KAP Clinics Are All Across America

Once A Soldier is a big fan of ketamine-assisted psychotherapy, or KAP. More and more research facilities like Stanford University and Johns Hopkins continue to explore the ways this disassociative drug can help us all on the way to better mental health. KAP clinics are plentiful across the nation, with at least 7 here in Jacksonville, Florida. In this ever-maddening world we live in, it’s good to know that we’re progressing on this breakthrough mental health option. Here’s some detail information about what ketamine-assisted psychotherapy is all about. 

Chronic stress weakens neural connections in the brain over time. Depression actually decreases the number of synapses in the brain. Ketamine works directly to restore these connections. It binds to the NMDA receptor and releases a glutamate surge.
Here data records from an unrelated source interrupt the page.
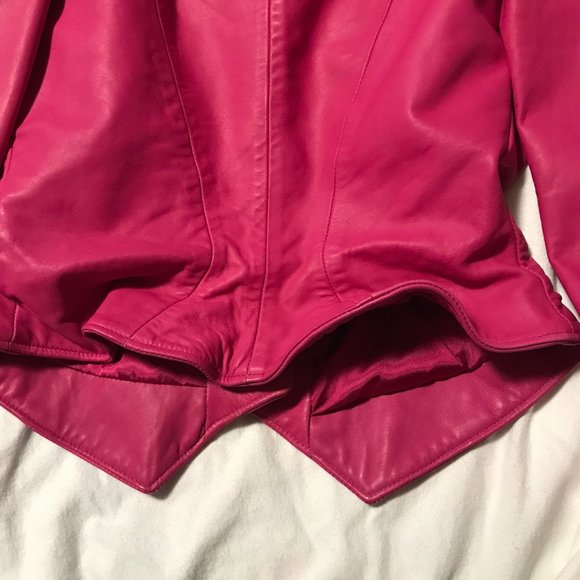 Hugo Buscati Milano Leather Bolero jacket, Hot Pink/Fuschia/Bubble Gum,S - Picture 4 of 11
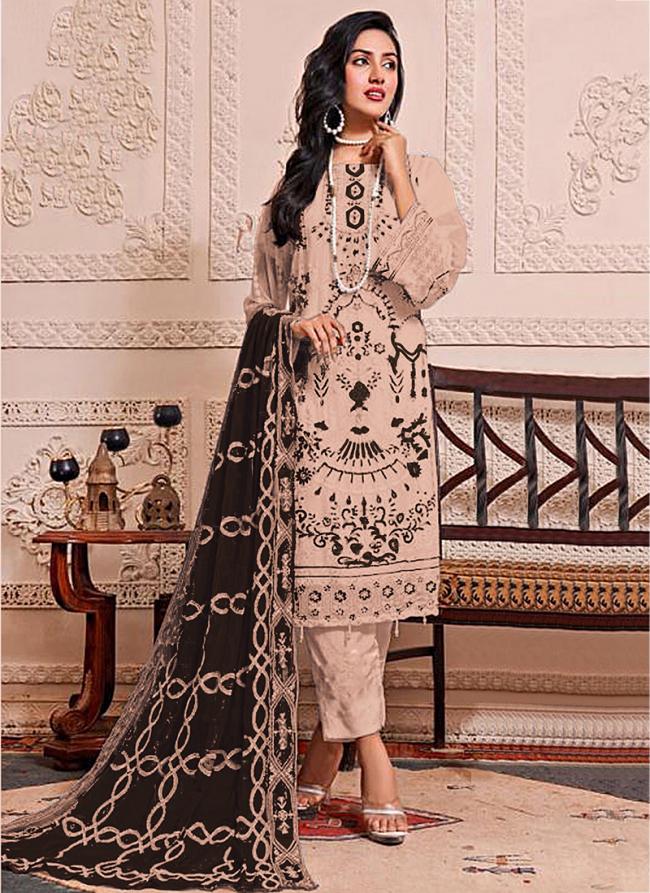 Peach Faux Georgette Eid Wear Embroidery Work Pakistani Suit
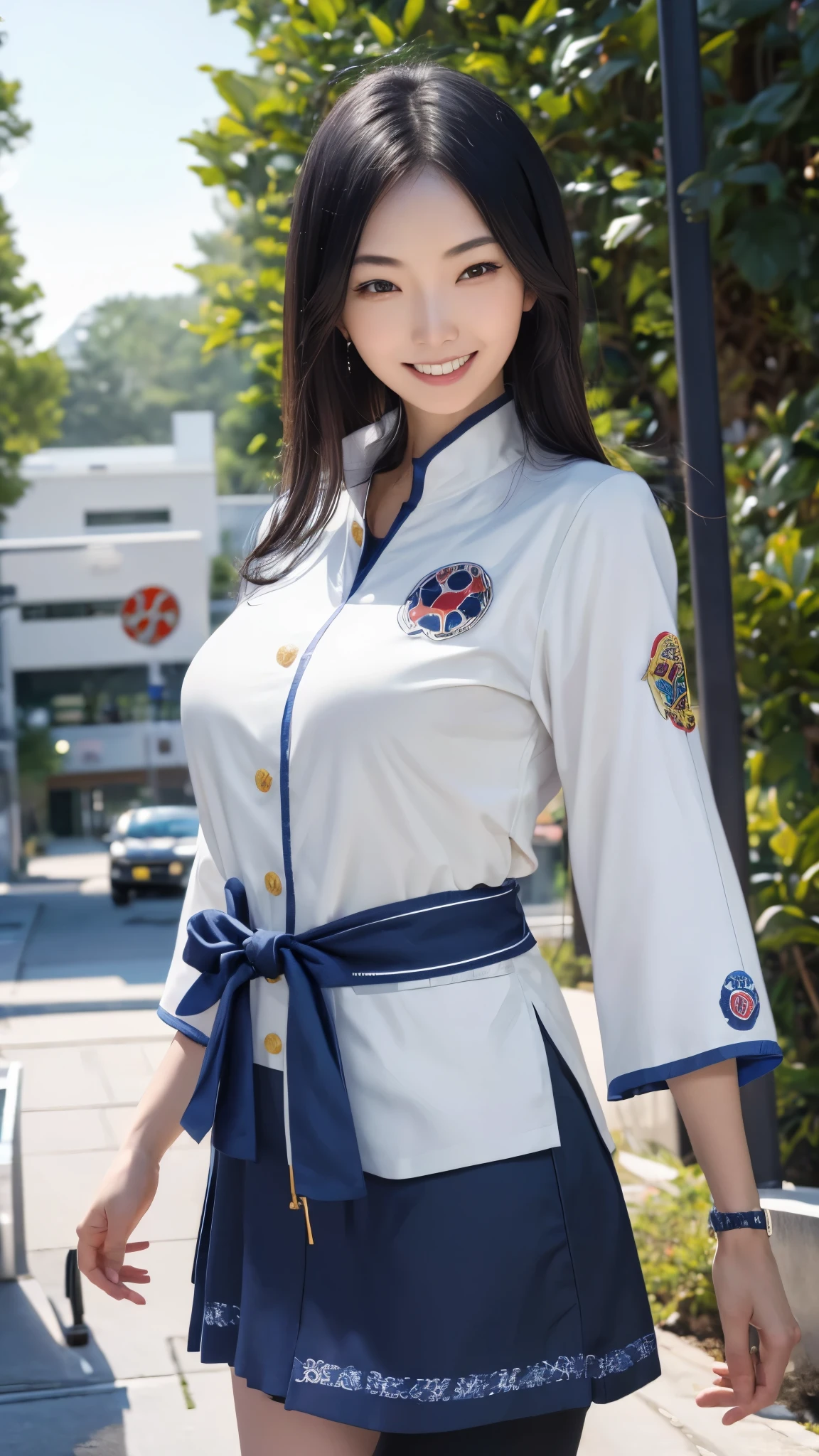 (best quality,4k,8k,highres,masterpiece:1.2),ultra-detailed, Japanese Goddess Amaterasu as a Japanese American college student, Female, Nao Nagasawa, long Black hair, Blue academy uniform with yellow accents, smiling at viewer, seducing viewer, walking down American street, HDR, 8k, absurdres, cinestill 800, sharp focus ((Masterpiece, best quality) (solo woman) add_detail:3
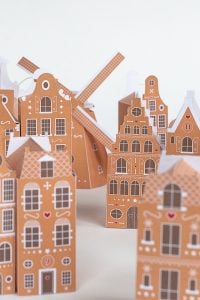 Gingerbread style paper advent calendar village - Little House On The Corner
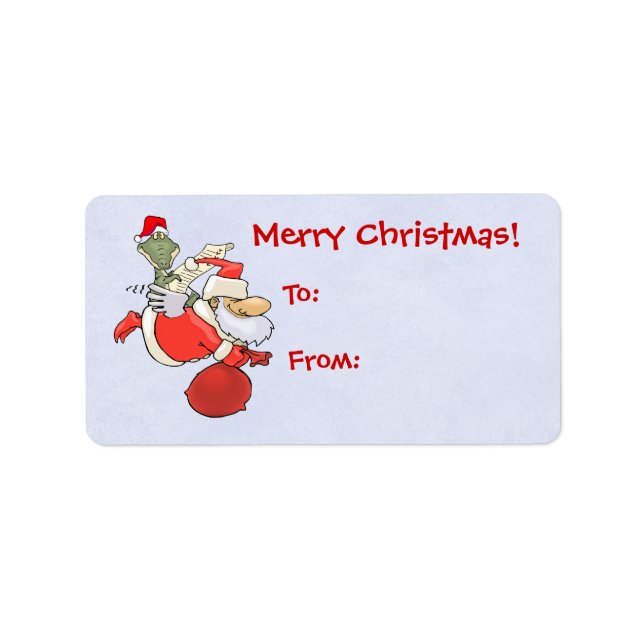Etiqueta Flying Santa with Gator (Frente)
This in turn releases growth factors, like BDNF (brain-derived neurotrophic factor), which help make new synaptic connections and pave healthier thought patterns in the brain.

The unique experience that ketamine facilitates with its biological, experiential, and psychological impacts has been tailored to optimize office-based treatment evolving into a method that we call Ketamine Assisted Psychotherapy (KAP). 

Thanks to its legal status and the psychedelic renaissance underway, ketamine-assisted therapy has reached the mainstream. And companies like Field Trip Health, Novamind, Nushama, Mindbloom and others are stepping on the gas and expanding locations and services to patients across the country.

While psilocybin, MDMA and LSD grab most of the headlines for the promising clinical results as potential treatments for depression, post-traumatic stress disorder and other mental health issues, ketamine is able to cash in on the growing interest in psychedelics.

Ketamine also has another advantage over other psychedelics: it’s short-acting. One of the biggest hurdles in widespread treatment of psychedelic-assisted therapy for drugs like psilocybin, LSD and MDMA is the duration of the experience, which can range from 4 to 12 hours. But for ketamine, a patient can be in and out of one of these swanky clinics in two hours. (Some companies are trying to remove the psychedelic experience altogether, while others are modifying psychedelics’ molecules to make the trip shorter.)